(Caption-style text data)
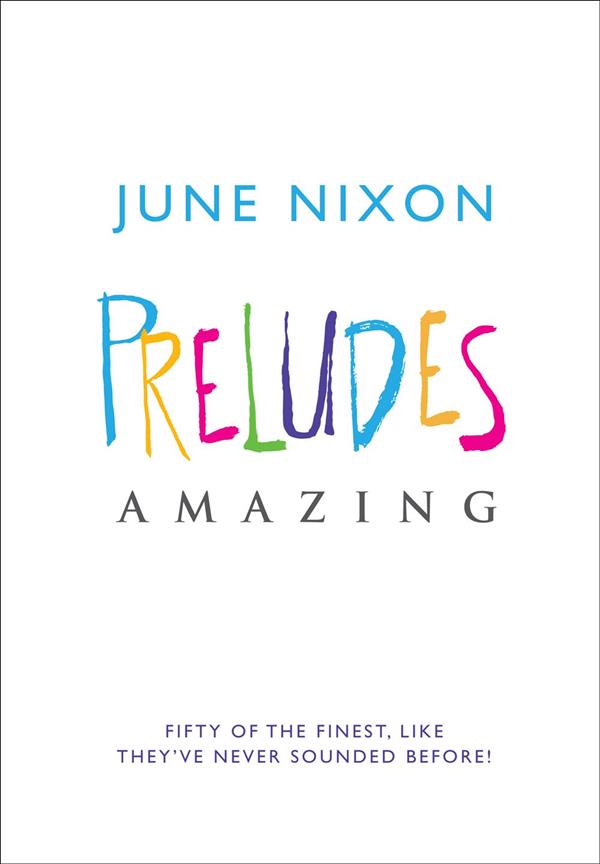 Preludes Amazing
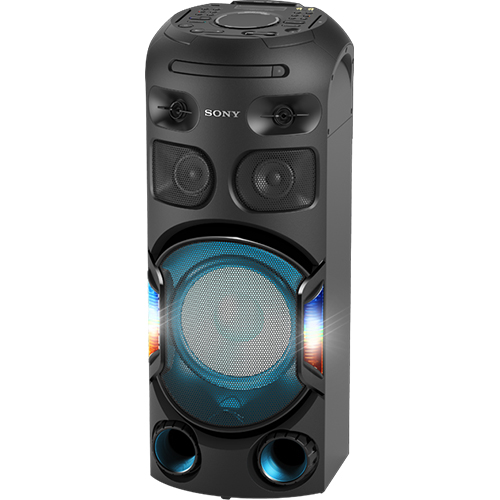 Dàn âm thanh hifi SONY MHC-V42D//C SP6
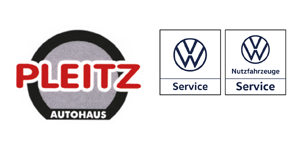 Kundenlogo von Autohaus V. Pleitz GmbH & Co. KG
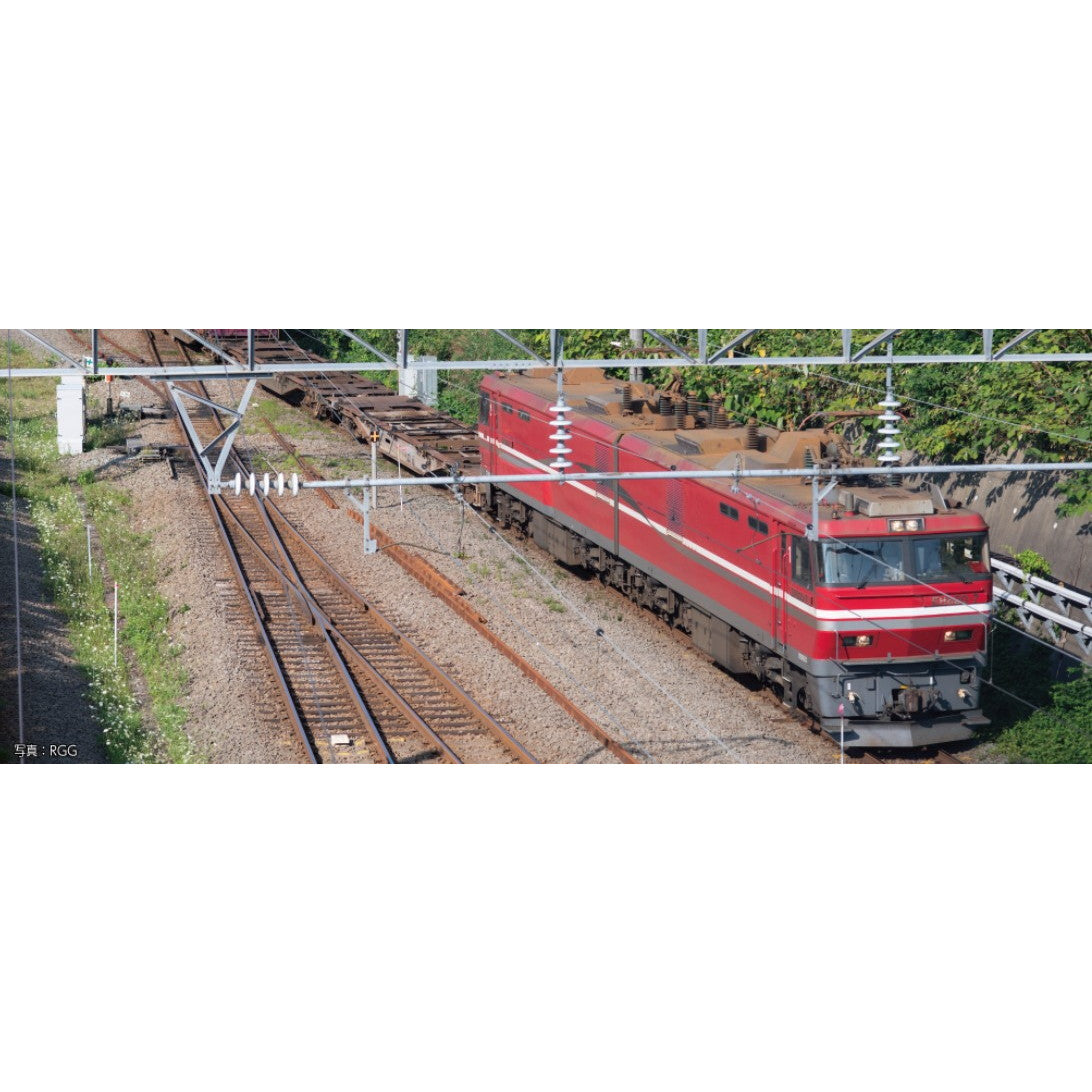 【予約安心出荷】[RWM] 3086-1 EH800(JRFマークなし)(動力付き) Nゲージ 鉄道模型 KATO(カトー)(2025年10月)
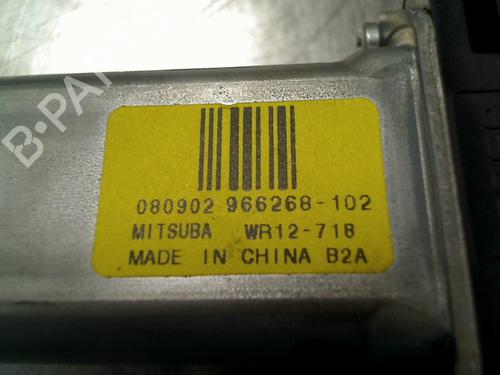 Electronic module VOLVO XC60 I SUV (156) 2.4 D | BP34688101M83 - Image 3
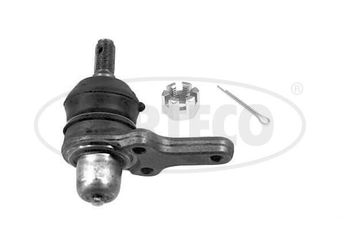 Rotil Alt Sağ veya Sol VOTTO 41-06101  40160S0128 40160P6525 40160-P6525 40160S0104 40160-S0104 40160S0105 40160-S0105 40160S0106 40160-S0106 40160S0125 40160-S0125 40160S0126 40160-S0126 40160S0127 40160-S0127 40160-S0128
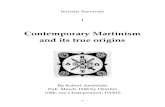 2446970 eBook Martinismo EnG Ambelain Robert Contemporary Martinism and Its True Origins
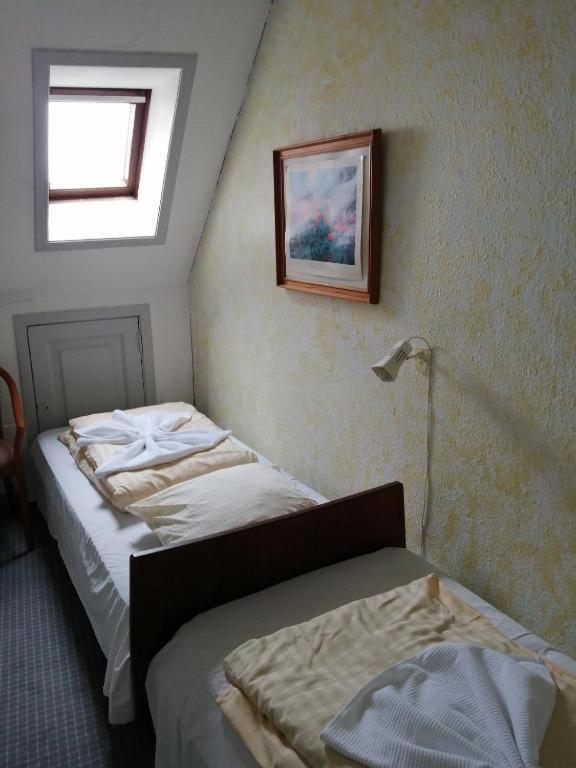 Det Gamle Hotel Rudkøbing Eksteriør bilde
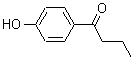 4-羥基苯丁酮結(jié)構(gòu)式_1009-11-6結(jié)構(gòu)式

- _WHAT NEEDS TO BE DONE_
Starting where a line contains "Rotil Alt Sağ" and finishing at the last line above, set down every line exactly as it reads, with no pictures.

- _TASK RESPONSE_
 Rotil Alt Sağ veya Sol VOTTO 41-06101  40160S0128 40160P6525 40160-P6525 40160S0104 40160-S0104 40160S0105 40160-S0105 40160S0106 40160-S0106 40160S0125 40160-S0125 40160S0126 40160-S0126 40160S0127 40160-S0127 40160-S0128
 2446970 eBook Martinismo EnG Ambelain Robert Contemporary Martinism and Its True Origins
 Det Gamle Hotel Rudkøbing Eksteriør bilde
 4-羥基苯丁酮結(jié)構(gòu)式_1009-11-6結(jié)構(gòu)式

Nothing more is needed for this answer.